§ **Excerpted records**:
● ● ● ●
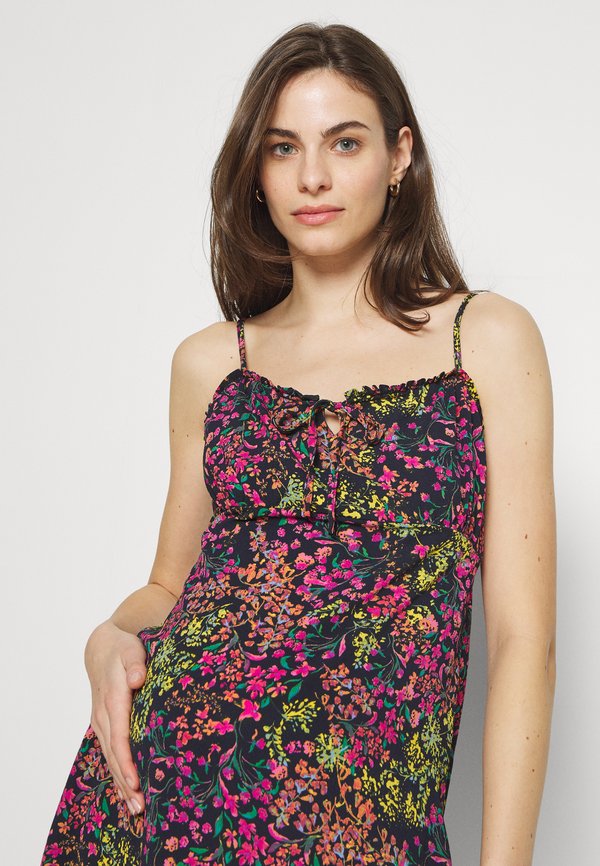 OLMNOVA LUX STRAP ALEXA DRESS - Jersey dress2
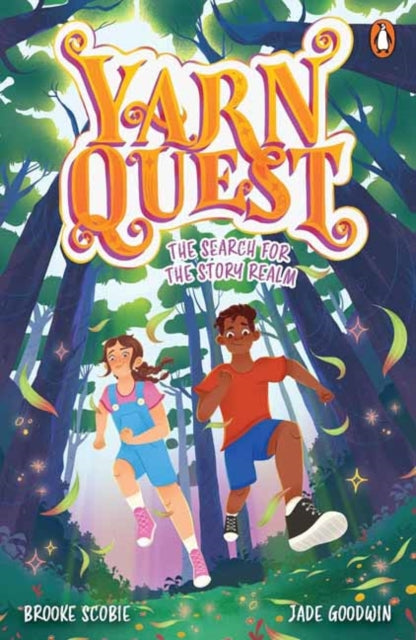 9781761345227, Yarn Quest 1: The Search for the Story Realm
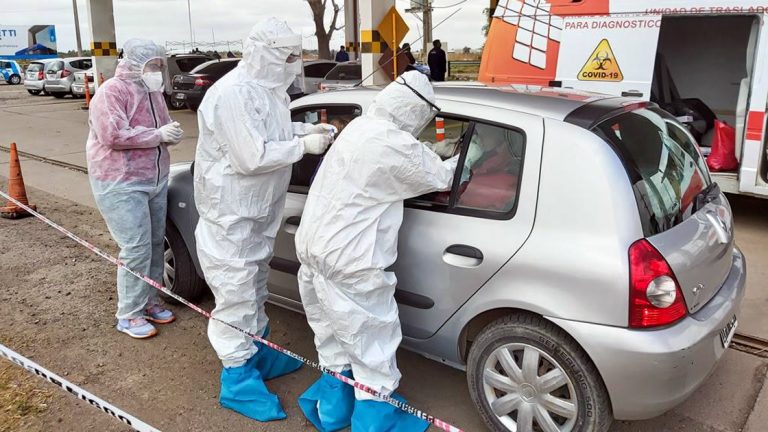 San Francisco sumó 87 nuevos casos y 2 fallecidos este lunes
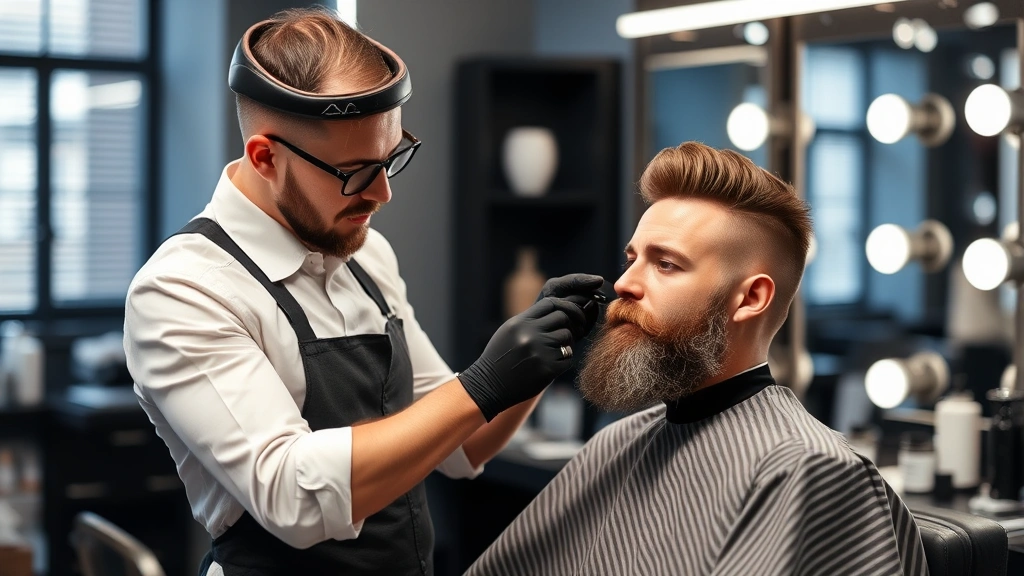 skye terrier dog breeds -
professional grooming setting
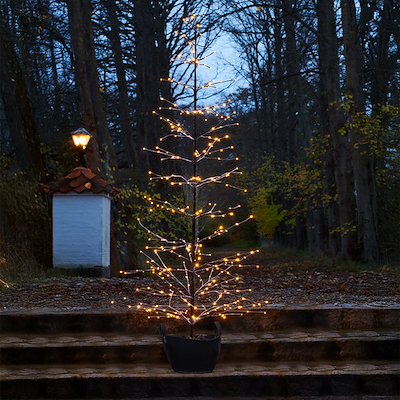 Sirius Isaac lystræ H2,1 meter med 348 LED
● ● ● ●
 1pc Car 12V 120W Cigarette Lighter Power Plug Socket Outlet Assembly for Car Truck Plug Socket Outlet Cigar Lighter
● ● ● ●
From the records above, copy exactly the stretch from the line holding "San Francisco sumó" through the line holding "Sirius Isaac lystræ H2,1 meter med 348 LED", both ends included, without the pictures.

§ **Exercise solution**:
 San Francisco sumó 87 nuevos casos y 2 fallecidos este lunes
 skye terrier dog breeds -
professional grooming setting
 Sirius Isaac lystræ H2,1 meter med 348 LED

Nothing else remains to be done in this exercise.